*** Opening Data under study ***

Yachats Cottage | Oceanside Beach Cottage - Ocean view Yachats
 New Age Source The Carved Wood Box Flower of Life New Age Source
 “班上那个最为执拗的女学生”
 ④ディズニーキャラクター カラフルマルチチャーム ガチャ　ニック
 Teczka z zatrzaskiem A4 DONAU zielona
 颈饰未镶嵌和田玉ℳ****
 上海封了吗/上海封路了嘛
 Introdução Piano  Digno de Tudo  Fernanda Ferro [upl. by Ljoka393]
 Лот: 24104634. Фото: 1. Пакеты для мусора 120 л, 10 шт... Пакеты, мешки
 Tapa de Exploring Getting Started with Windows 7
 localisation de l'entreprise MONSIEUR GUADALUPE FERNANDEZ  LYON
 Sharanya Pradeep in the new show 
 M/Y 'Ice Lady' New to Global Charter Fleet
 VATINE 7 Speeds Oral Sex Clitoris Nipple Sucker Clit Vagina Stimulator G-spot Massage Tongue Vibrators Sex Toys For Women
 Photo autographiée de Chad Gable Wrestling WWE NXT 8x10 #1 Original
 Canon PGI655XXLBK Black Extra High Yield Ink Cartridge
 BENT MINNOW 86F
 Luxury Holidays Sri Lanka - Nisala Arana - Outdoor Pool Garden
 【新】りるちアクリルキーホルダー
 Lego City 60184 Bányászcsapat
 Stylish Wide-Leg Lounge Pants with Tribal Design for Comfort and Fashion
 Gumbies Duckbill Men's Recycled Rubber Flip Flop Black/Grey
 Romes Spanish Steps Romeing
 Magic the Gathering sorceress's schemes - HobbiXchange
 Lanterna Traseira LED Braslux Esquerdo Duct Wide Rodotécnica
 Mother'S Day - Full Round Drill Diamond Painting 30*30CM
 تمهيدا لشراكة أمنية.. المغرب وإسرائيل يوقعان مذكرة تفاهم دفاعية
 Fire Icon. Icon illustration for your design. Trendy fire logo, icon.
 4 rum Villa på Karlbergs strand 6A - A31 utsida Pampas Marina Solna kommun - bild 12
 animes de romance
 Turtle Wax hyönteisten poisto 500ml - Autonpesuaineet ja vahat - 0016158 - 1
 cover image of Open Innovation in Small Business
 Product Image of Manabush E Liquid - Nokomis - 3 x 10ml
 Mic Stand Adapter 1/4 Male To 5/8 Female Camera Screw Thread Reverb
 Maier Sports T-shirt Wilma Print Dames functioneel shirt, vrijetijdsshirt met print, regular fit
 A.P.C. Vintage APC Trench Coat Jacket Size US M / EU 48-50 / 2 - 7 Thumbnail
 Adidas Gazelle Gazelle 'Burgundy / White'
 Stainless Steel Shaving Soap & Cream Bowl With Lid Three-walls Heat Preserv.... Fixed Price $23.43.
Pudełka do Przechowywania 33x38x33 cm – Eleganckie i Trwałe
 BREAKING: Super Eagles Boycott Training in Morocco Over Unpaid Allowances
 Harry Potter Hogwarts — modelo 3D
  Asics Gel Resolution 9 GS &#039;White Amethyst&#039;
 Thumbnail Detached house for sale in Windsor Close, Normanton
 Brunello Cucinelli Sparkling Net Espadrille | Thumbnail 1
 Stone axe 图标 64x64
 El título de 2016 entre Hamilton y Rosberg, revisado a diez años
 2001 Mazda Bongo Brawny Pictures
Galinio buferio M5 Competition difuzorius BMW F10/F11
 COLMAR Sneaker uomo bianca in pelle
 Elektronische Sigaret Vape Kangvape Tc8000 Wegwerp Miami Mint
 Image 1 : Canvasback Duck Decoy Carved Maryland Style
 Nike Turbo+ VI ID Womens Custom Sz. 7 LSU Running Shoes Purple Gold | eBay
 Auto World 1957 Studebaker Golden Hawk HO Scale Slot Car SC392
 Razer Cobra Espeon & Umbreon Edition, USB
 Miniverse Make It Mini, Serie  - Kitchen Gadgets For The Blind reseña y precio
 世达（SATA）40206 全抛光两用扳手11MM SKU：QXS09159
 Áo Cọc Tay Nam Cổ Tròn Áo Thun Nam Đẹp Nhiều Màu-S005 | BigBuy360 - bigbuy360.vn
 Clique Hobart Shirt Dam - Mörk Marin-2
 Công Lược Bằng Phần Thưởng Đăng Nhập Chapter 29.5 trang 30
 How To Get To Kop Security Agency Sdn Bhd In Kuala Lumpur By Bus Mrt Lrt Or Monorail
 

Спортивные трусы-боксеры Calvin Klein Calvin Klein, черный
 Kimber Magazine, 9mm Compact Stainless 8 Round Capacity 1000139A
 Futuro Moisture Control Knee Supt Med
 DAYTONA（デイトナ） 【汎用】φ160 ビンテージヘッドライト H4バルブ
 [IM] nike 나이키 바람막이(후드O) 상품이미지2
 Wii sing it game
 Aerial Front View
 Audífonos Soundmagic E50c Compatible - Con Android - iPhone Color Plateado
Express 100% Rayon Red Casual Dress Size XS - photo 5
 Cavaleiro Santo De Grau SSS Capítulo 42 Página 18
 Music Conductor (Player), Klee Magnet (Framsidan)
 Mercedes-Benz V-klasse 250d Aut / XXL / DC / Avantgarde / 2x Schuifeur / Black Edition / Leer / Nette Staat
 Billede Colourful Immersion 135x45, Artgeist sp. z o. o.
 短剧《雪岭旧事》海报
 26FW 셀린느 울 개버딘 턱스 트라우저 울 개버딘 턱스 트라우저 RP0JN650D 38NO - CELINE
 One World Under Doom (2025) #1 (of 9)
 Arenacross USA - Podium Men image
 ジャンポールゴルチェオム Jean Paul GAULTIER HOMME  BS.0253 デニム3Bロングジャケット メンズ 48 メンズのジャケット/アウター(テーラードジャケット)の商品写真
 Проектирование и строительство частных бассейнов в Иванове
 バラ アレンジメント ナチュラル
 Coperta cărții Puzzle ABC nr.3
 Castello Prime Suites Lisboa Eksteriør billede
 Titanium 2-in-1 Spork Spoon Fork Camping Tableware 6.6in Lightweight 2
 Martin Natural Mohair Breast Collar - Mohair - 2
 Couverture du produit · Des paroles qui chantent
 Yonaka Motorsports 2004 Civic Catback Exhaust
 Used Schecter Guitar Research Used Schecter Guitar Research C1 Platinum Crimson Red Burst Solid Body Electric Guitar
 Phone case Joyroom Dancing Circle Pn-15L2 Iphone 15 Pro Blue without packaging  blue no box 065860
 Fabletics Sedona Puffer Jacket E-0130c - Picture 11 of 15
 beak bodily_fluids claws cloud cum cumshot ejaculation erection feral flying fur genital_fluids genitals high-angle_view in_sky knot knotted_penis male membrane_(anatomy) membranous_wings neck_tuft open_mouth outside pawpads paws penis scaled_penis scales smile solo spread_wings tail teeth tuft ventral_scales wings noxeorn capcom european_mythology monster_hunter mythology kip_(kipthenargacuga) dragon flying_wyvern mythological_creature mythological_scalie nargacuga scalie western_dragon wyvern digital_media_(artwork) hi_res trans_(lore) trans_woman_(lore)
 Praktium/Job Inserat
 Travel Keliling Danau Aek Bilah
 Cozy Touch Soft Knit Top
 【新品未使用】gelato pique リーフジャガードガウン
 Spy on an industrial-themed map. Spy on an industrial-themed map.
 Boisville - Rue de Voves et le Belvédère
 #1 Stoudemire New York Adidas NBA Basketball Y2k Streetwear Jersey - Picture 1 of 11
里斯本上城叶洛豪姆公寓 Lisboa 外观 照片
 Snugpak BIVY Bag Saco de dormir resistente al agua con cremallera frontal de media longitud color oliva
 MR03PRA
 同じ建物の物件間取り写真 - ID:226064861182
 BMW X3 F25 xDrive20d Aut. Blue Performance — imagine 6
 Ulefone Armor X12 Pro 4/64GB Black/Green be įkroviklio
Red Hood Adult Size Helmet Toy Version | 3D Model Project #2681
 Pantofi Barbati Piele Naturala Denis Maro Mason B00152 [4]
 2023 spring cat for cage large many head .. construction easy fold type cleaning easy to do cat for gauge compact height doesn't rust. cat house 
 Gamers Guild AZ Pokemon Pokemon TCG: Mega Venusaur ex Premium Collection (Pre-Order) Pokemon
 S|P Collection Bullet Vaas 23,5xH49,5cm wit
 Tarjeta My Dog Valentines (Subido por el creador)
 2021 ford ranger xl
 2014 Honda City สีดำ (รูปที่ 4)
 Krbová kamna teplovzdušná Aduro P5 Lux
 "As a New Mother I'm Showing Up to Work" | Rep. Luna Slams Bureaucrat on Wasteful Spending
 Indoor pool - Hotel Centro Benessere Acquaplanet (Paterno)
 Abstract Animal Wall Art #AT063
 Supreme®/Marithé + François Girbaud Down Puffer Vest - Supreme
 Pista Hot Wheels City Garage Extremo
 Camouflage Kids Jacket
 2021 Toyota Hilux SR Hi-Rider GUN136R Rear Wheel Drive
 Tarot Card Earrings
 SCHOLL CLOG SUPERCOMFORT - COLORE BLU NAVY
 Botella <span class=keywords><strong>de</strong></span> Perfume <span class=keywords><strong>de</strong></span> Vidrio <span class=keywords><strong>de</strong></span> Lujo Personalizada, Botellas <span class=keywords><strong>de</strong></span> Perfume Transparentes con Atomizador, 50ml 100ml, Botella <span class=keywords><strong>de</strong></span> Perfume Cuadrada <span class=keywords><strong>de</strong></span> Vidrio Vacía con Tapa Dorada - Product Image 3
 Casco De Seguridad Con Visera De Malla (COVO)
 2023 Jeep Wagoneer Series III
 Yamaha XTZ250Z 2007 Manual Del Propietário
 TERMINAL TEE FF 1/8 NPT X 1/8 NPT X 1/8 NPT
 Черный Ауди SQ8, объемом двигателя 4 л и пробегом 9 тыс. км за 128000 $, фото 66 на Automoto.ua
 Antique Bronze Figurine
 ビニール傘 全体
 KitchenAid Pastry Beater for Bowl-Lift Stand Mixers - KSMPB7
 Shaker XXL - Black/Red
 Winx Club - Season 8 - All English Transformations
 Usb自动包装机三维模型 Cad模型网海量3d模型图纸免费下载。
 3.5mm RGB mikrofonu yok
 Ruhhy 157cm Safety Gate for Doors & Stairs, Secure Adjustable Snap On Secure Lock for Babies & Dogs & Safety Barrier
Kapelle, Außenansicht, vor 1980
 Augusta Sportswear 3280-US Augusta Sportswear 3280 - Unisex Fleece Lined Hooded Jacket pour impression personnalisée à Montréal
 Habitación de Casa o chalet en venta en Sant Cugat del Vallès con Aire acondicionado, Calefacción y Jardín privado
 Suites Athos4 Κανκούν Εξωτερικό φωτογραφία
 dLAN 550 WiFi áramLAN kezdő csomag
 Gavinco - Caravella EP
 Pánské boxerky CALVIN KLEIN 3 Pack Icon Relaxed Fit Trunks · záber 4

*** Closing Data under study ***

## Exercise goal
Each line above from the one with "Miniverse Make It" up to and including the one with "Fabletics Sedona Puffer" must be set down exactly, and no line outside that span may appear.

## Exercise result
 Miniverse Make It Mini, Serie  - Kitchen Gadgets For The Blind reseña y precio
 世达（SATA）40206 全抛光两用扳手11MM SKU：QXS09159
 Áo Cọc Tay Nam Cổ Tròn Áo Thun Nam Đẹp Nhiều Màu-S005 | BigBuy360 - bigbuy360.vn
 Clique Hobart Shirt Dam - Mörk Marin-2
 Công Lược Bằng Phần Thưởng Đăng Nhập Chapter 29.5 trang 30
 How To Get To Kop Security Agency Sdn Bhd In Kuala Lumpur By Bus Mrt Lrt Or Monorail
 

Спортивные трусы-боксеры Calvin Klein Calvin Klein, черный
 Kimber Magazine, 9mm Compact Stainless 8 Round Capacity 1000139A
 Futuro Moisture Control Knee Supt Med
 DAYTONA（デイトナ） 【汎用】φ160 ビンテージヘッドライト H4バルブ
 [IM] nike 나이키 바람막이(후드O) 상품이미지2
 Wii sing it game
 Aerial Front View
 Audífonos Soundmagic E50c Compatible - Con Android - iPhone Color Plateado
Express 100% Rayon Red Casual Dress Size XS - photo 5
 Cavaleiro Santo De Grau SSS Capítulo 42 Página 18
 Music Conductor (Player), Klee Magnet (Framsidan)
 Mercedes-Benz V-klasse 250d Aut / XXL / DC / Avantgarde / 2x Schuifeur / Black Edition / Leer / Nette Staat
 Billede Colourful Immersion 135x45, Artgeist sp. z o. o.
 短剧《雪岭旧事》海报
 26FW 셀린느 울 개버딘 턱스 트라우저 울 개버딘 턱스 트라우저 RP0JN650D 38NO - CELINE
 One World Under Doom (2025) #1 (of 9)
 Arenacross USA - Podium Men image
 ジャンポールゴルチェオム Jean Paul GAULTIER HOMME  BS.0253 デニム3Bロングジャケット メンズ 48 メンズのジャケット/アウター(テーラードジャケット)の商品写真
 Проектирование и строительство частных бассейнов в Иванове
 バラ アレンジメント ナチュラル
 Coperta cărții Puzzle ABC nr.3
 Castello Prime Suites Lisboa Eksteriør billede
 Titanium 2-in-1 Spork Spoon Fork Camping Tableware 6.6in Lightweight 2
 Martin Natural Mohair Breast Collar - Mohair - 2
 Couverture du produit · Des paroles qui chantent
 Yonaka Motorsports 2004 Civic Catback Exhaust
 Used Schecter Guitar Research Used Schecter Guitar Research C1 Platinum Crimson Red Burst Solid Body Electric Guitar
 Phone case Joyroom Dancing Circle Pn-15L2 Iphone 15 Pro Blue without packaging  blue no box 065860
 Fabletics Sedona Puffer Jacket E-0130c - Picture 11 of 15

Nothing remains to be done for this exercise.